During an interview on Arise TV on Wednesday, June 20, President Muhammadu Buhari's Special Adviser on Media and Publicity, Femi Adesina, blamed the federal government's political opposition for escalating killings allegedly carried out by herdsmen all over the country for political gain.
He said political detractors of the current administration have hijacked the conflict and sponsored attacks to discredit Buhari's achievements in strengthening security in the country.
President Buhari's Senior Special Assistant on Media and Publicity, Garba Shehu, made a similar accusation in April 2018 when he revealed that the federal government has evidence that most of attacks are being sponsored by politicians who are trying to blackmail the government.
Just days later, the Defence Headquarters also blamed the rise in the spate of killings carried out by suspected herdsmen as the handiwork of certain unnamed sponsors.
The Director, Defence Information, Brigadier-General John Agim, said, "The military is strategising on how to go after the herdsmen and their sponsors.
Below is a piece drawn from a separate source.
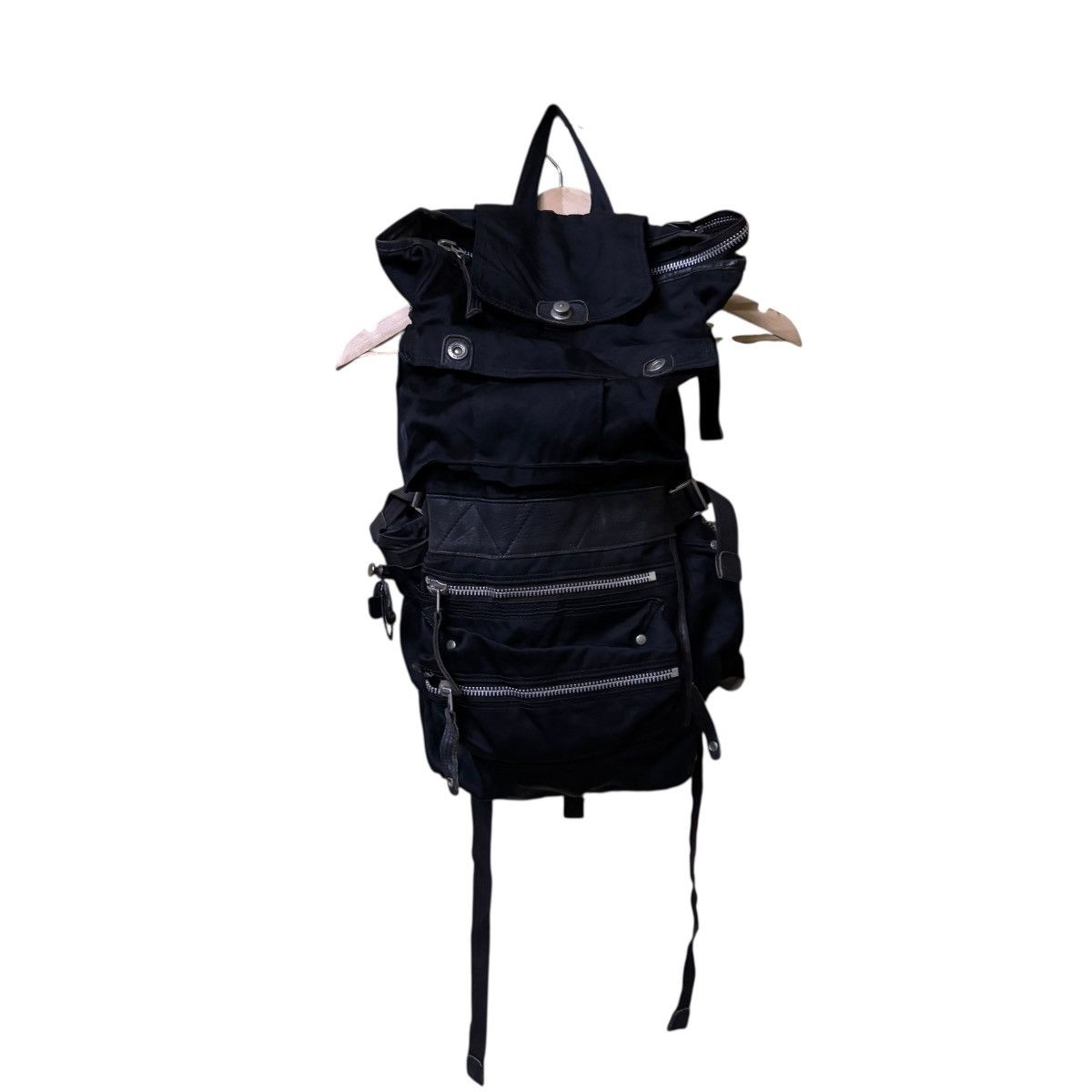 Japanese Brand Master piece backpack multi pocket (sun faded) Size ONE SIZE - 2 Thumbnail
We will get both the herdsmen and their sponsors. We want to say this to the killers and their sponsors that the military is coming for them. We are going to get both the killers and their sponsors very soon."
More recently in May, President Buhari himself alleged that the spate of killings in Nigeria was being sponsored by certain individuals to start a war in the country for selfish reasons. He further remarked that attacks on locations like places of worship is an attempt to stoke conflict and turn Nigerians against one another on the basis of religion.